33. İçtüzüğün “Formun ve eklerinin hazırlanmasına ilişkin ilkeler”
başlıklı 60. maddesi şöyledir:
“(1) Başvuru formu, İçtüzüğün 59 uncu maddesine uygun olarak
düzenlenir ve aynı maddede belirtilen belgeler ya da onaylı örnekleri başvuru
formuna eklenir.
(2) Başvuru formu okunaklı ve başvurunun esasına yönelik
özlü bilgileri içerir şekilde hazırlanır. Başvuru formunun ekler hariç on
sayfayı geçmesi hâlinde başvurucunun ayrıca başvuru formuna olayların özetini
eklemesi gerekir.
(3) Başvurucu, başvuru formunun ekinde sunduğu belgeleri,
tarih sırasına göre numaralandırarak her bir belgeyi tanımlayıcı başlıklar
hâlinde dizi pusulasına bağlar.”
34. İçtüzüğün “Form ve eklerinin ön incelemesi ve eksiklikler”
başlıklı 66. maddesi şöyledir:
“(1) Bireysel Başvuru Bürosu gelen başvuruları şeklî
eksiklikler bulunup bulunmadığı yönünden inceler. Başvuru formunda veya
eklerinde herhangi bir eksiklik tespit edilmesi hâlinde, bunların
tamamlattırılması için başvurucuya, varsa avukatına veya kanuni temsilcisine onbeş günü geçmemek üzere bir süre verilir.

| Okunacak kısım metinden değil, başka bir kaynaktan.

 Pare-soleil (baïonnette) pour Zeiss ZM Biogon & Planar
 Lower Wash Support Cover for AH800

(2) Eksikliklerin tamamlattırılmasına dair yazıda
başvurucuya geçerli bir mazereti olmaksızın verilen sürede eksiklikleri
tamamlamadığı takdirde başvurusunun reddine karar verileceği bildirilir.
(3) Başvurunun; süresinde yapılmadığı, 59 uncu ve 60 ıncı maddelerdeki şekil şartlarına uygun olmadığı ve tespit
edilen eksikliklerin verilen kesin sürelerde tamamlanmadığı hâllerde
Komisyonlar Başraportörü tarafından reddine karar
verilir ve başvurucuya tebliğ edilir. Bu karara tebliğ tarihinden itibaren yedi
gün içinde Komisyona itiraz edilebilir. Bu konuda Komisyonların verdiği
kararlar kesindir.”
35. 6216 sayılı Kanun’un 47. maddesinin
(3) numaralı, 48. maddesinin (1) ve (2) numaralı fıkraları ile İçtüzüğün 59.

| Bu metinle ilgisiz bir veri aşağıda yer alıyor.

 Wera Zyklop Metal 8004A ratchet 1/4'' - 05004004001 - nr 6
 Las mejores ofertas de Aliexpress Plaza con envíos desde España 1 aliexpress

maddesinin ilgili fıkraları uyarınca Anayasa Mahkemesine başvuru konusu
olaylarla ilgili delilleri sunmak suretiyle olaylar hakkındaki iddialarını ve
dayanılan Anayasa hükmünün kendilerine göre ihlal edildiğine dair açıklamalarda
bulunarak iddialarını kanıtlamak başvurucuya düşer.
36. Başvurucunun, kamu gücünün işlem,
eylem ya da ihmali nedeniyle ihlal edildiğini ileri sürdüğü hak ve özgürlük ile
dayanılan Anayasa hükümlerini, ihlal gerekçelerini, dayanılan deliller ile
ihlale neden olduğu ileri sürülen işlem veya
kararların aslı ya da örneğini başvuru dilekçesine eklemesi şarttır. Başvuru
dilekçesinde kamu gücünün ihlale neden olduğu iddia edilen işlem, eylem ya da
ihmaline dair olayların tarih sırasına göre özeti yapılmalı; bireysel başvuru
kapsamındaki haklardan hangisinin hangi nedenle ihlal edildiği ve buna ilişkin
gerekçeler ve deliller açıklanmalıdır (B. No: 2013/276, 9/1/2014, § 20).

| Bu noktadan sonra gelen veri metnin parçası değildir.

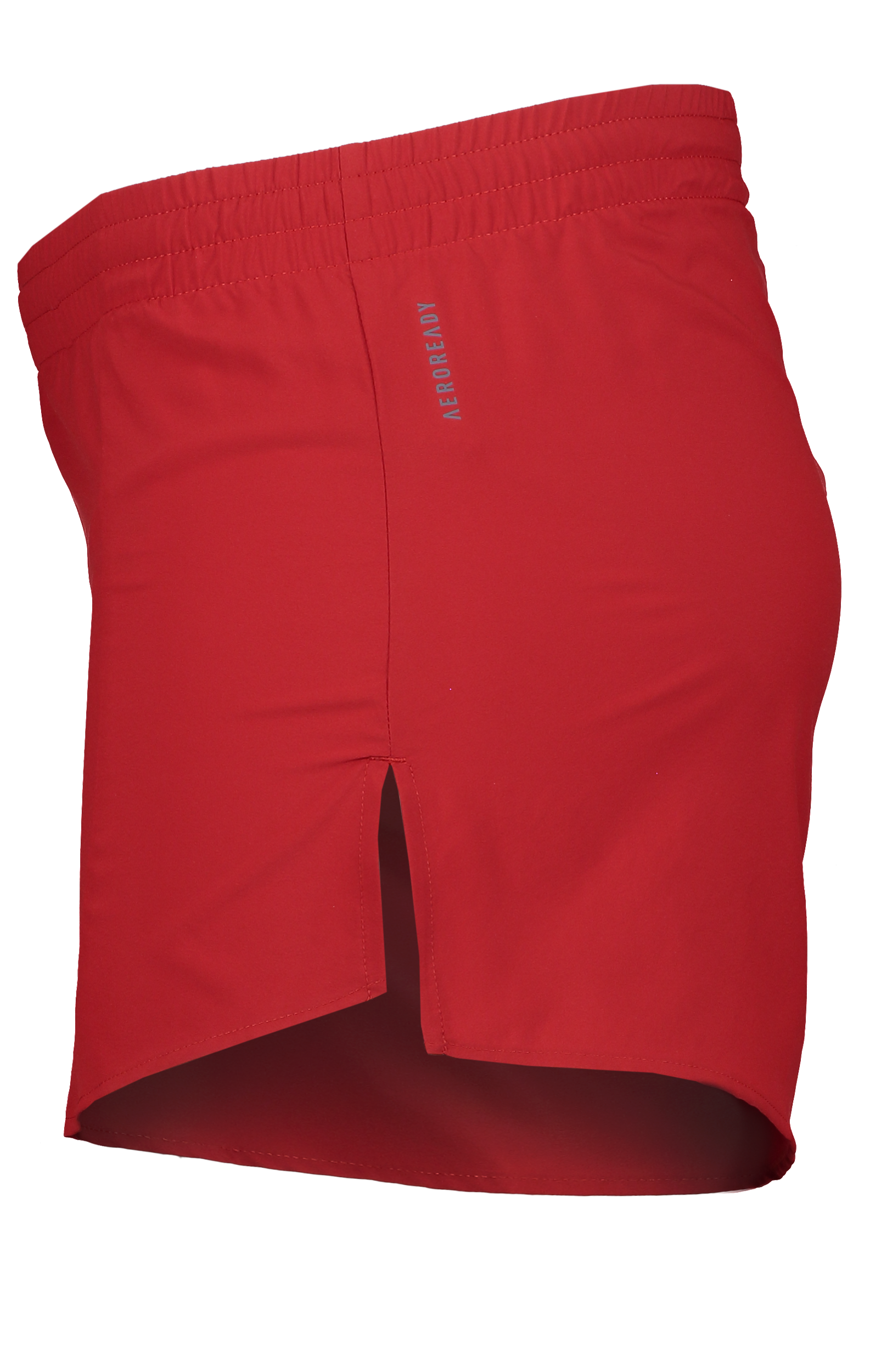 ADIDAS, Adizero E Short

37. 6216 sayılı Kanun’un 47. maddesinin
(6) numaralı fıkrasına göre başvuru evrakında herhangi bir eksiklik bulunması
hâlinde, Anayasa Mahkemesi başvurucudan, eksikliğin tamamlanmasını ister.
İçtüzüğün 66. maddesinin (1) numaralı fıkrasına göre Mahkemenin başvurucudan
giderilmesini isteyebileceği eksiklikler, şekli eksikliklerdir. İlk olarak
Mahkeme, usulünce doldurulmamış olan başvuru formunun usulüne uygun olarak
doldurulmasını isteyebilir. İkinci olarak ise başvurucunun ihlal iddiasına
dayanak gösterdiği bilgi, belge ve deliller başvuru dilekçesine eklenmemiş ise
dayanılan bu belgelerin tamamlanması istenebilir (B. No: 2013/276, 9/1/2014, § 21).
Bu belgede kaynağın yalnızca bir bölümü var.